* _RECORDS FOR PROCESSING_
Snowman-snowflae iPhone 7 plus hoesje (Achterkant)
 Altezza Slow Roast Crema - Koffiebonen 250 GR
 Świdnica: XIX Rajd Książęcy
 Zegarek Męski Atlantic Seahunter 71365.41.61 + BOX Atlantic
...
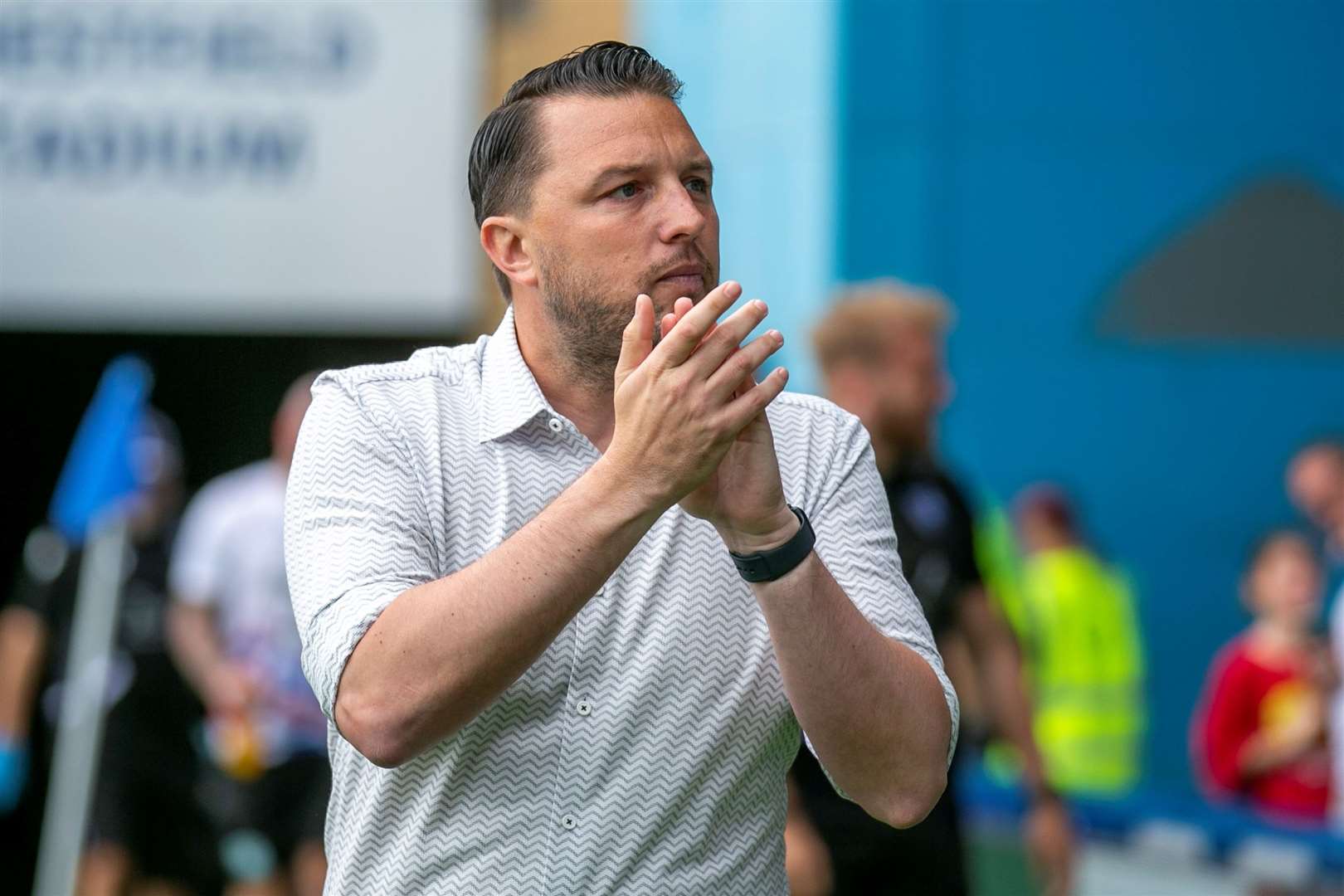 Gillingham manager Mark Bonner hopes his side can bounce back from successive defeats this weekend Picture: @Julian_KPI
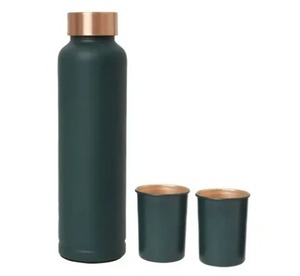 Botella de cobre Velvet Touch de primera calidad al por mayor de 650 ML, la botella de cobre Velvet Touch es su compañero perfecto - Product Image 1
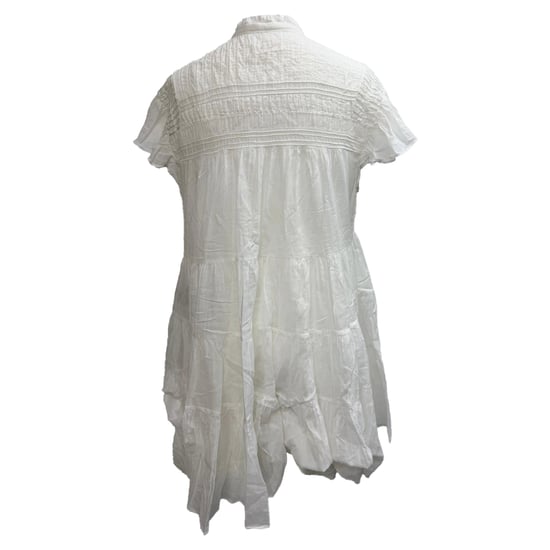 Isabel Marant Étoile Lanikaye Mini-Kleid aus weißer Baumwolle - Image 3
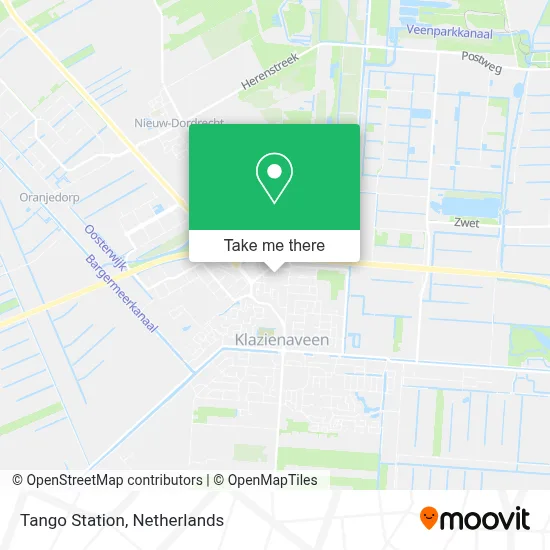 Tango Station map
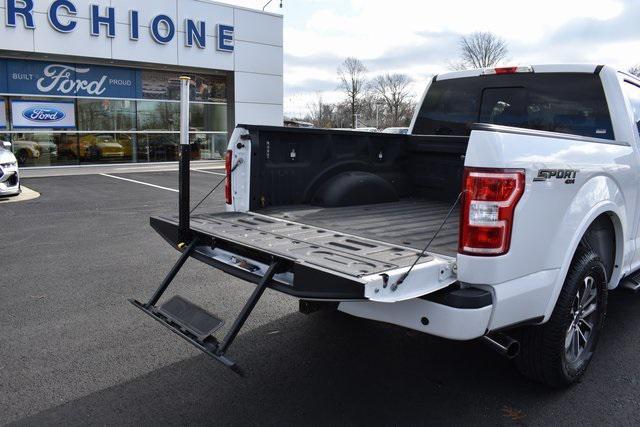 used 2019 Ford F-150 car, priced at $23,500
--
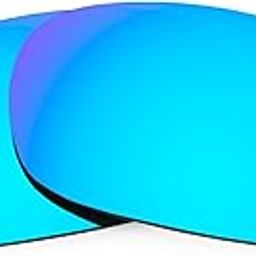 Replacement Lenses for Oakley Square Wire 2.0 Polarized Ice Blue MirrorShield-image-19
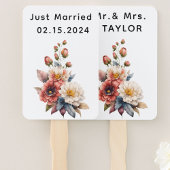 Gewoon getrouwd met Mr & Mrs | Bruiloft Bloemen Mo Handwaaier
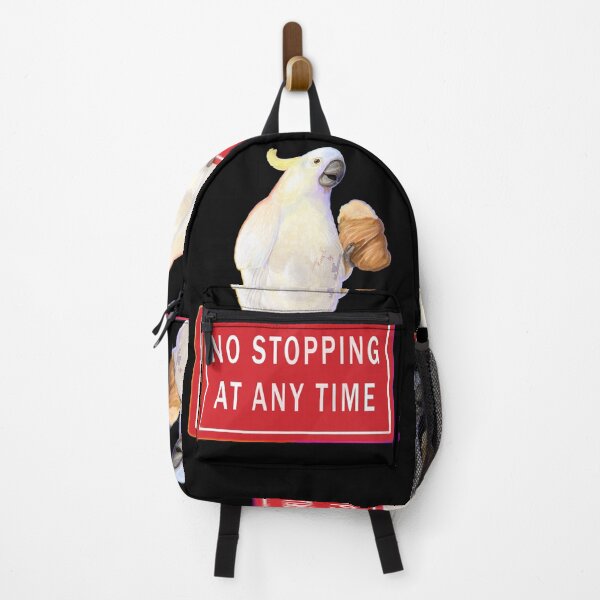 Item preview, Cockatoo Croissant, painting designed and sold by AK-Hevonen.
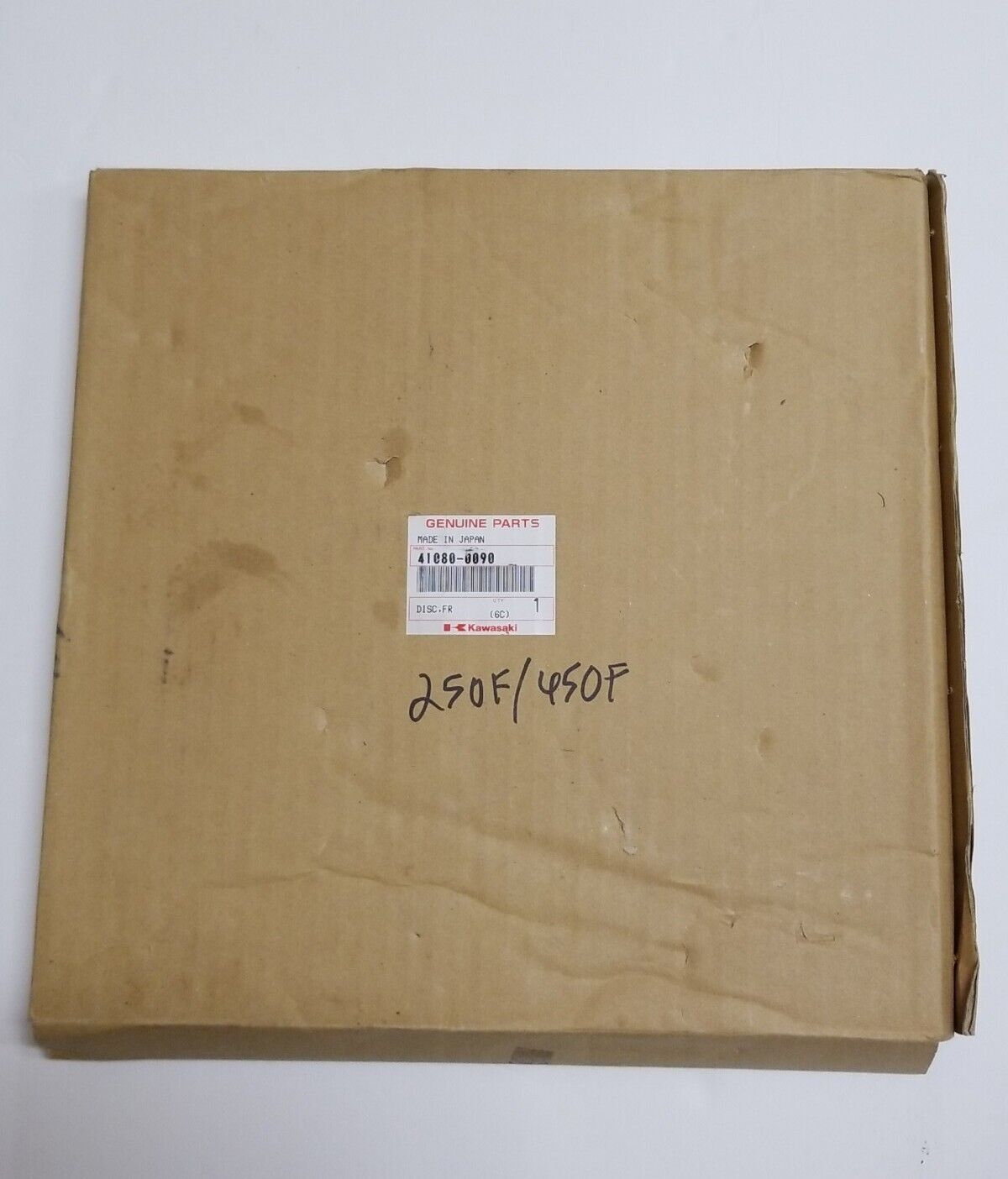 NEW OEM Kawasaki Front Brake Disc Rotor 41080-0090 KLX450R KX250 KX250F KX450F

* _WHAT THE EXERCISE ASKS_
Quote the data above from the line containing "Snowman-snowflae iPhone 7" to the line containing "Zegarek Męski Atlantic", inclusive, and stop.

* _RESPONSE BOX_
Snowman-snowflae iPhone 7 plus hoesje (Achterkant)
 Altezza Slow Roast Crema - Koffiebonen 250 GR
 Świdnica: XIX Rajd Książęcy
 Zegarek Męski Atlantic Seahunter 71365.41.61 + BOX Atlantic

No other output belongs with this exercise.